“The Gallows” needs to hang itself

July 10, 20156 min

This review is property of thecinemen.com. On July 6, two film critics went into a theater and the following is an actual account of what befell them during a screening of “The Gallows.” Names were not changed to protect the families of anybody.

Films that begin with found footage warnings have become so ubiquitous in recent years that I have a hard time not rolling my eyes and sighing when I see them pop up on screen. There was a time that audiences fell for that sort of thing back in “The Blair Witch Project” days and to some extent it was fun to believe that same thing with the first “Paranormal Activity”. However, now it is almost a sure kiss of death for me.

“The Gallows” begins with one of those silly disclaimers and lets the audience know that the footage was found and property of some police station somewhere. It doesn’t matter where or with whom because, well, who cares.

“The Gallows” opens with a fuzzy camcorder recording of a school play where a student befalls an accident and is hung by the gallows that were meant as a prop.

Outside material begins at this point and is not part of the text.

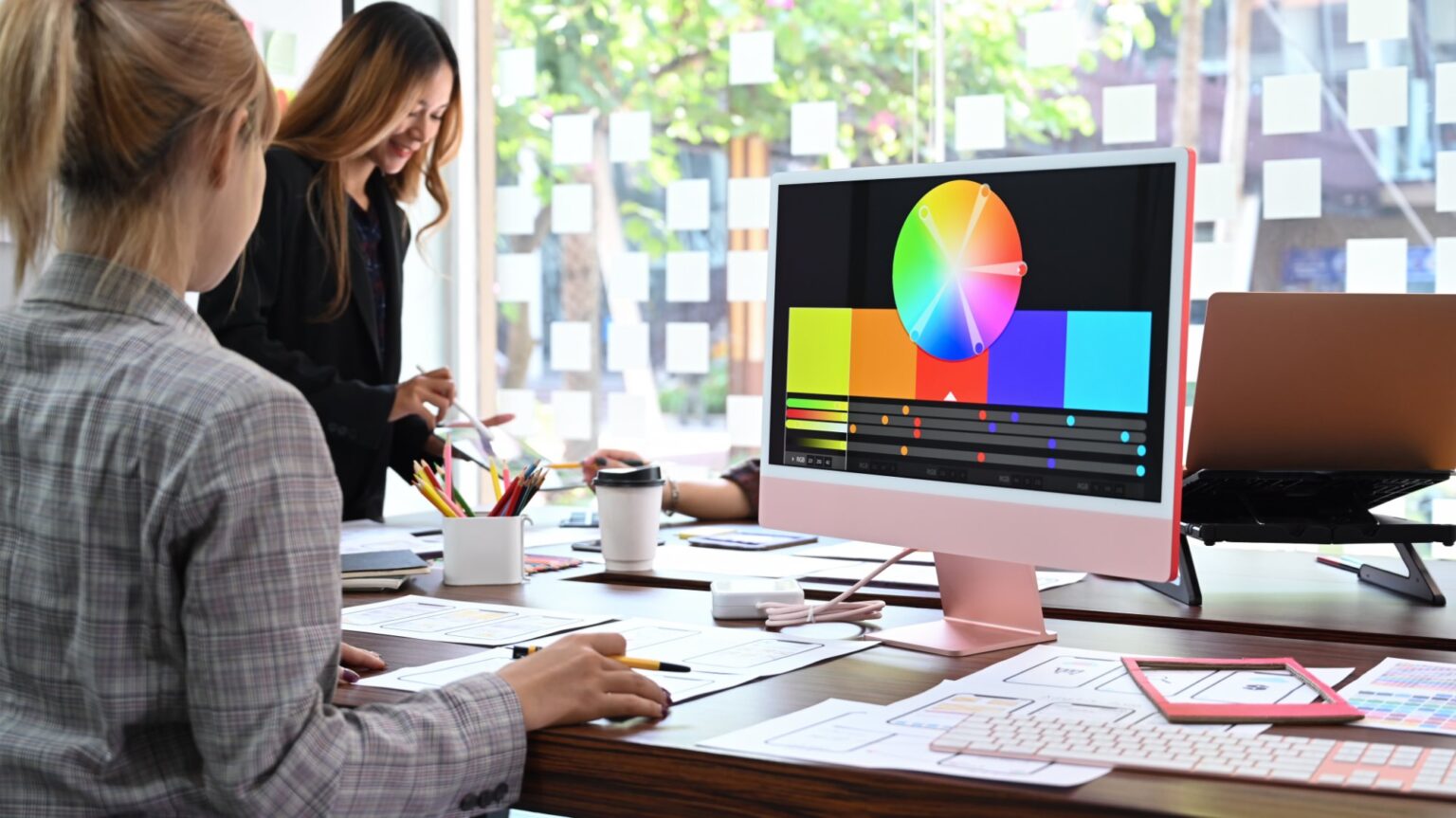 Deux personnes autour d’un écran affichant un nuancier de couleurs, sur un bureau de travail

Flash-forward a few years and we are brought into a group of modern day douche bag teens that are acting out the same play. They discover that a stage door doesn’t lock and decide to break into the school late at night. Because, of course they do.

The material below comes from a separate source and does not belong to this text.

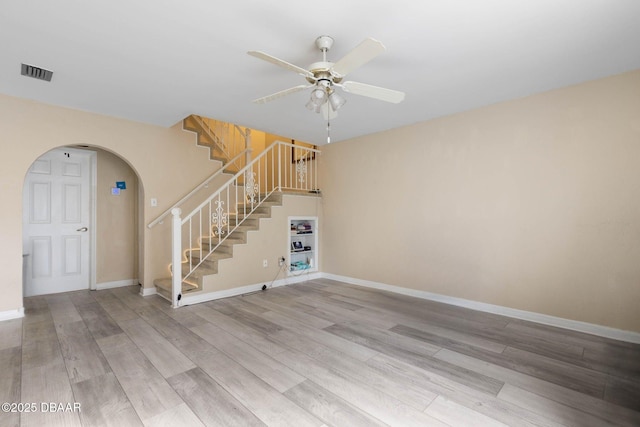 interior space featuring wood-type flooring and ceiling fan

Once inside, an evil spirit starts tormenting them and taking them down one by one. In true found footage genre fashion everything that you have seen before in these types of movies happens but is far less interesting way.

“The Gallows” is filled with horrible characters that you immediately want to die. I don’t mean in the way that “Scream” or “Friday the 13th” handled characters. These are just really horrible kids. They pick on nerds, they are egotistical and they are completely free of any sort of morality that would make them relatable.

The acting is atrocious too. I mean really bad. I love B movies and all sorts of horror films but this one has acting that drags and has no purpose but to space out the runtime of the movie. If you cut out all the bad dialogue and pointless scenes this could have been an interesting twenty-minute short film.

It relies heavily on cheap jump scares that you see coming from miles away. It really offers nothing new. It literally fails on everything that it tries to accomplish and almost had me walking out of the theater.

Right when I think found footage films need to take a break, something profound comes out and changes my mind, like in the case of “The Taking of Deborah Logan,” or “The Sacrament.” This however, reminds me that for every diamond there are 40 turds that wash up on the beach before you get to the good stuff.

All I wanted from this movie was it to end and it even made me wait for that. The killer is a rip-off of Batman’s the Scarecrow and the story surrounding him is completely contrived and forced to give another delineation of why this genre needs to take a break or get creative.

Oh my god! I just heard someone behind me! I’m gonna go check it out, I’ll be right back….

This “The Gallows” review was never heard from again.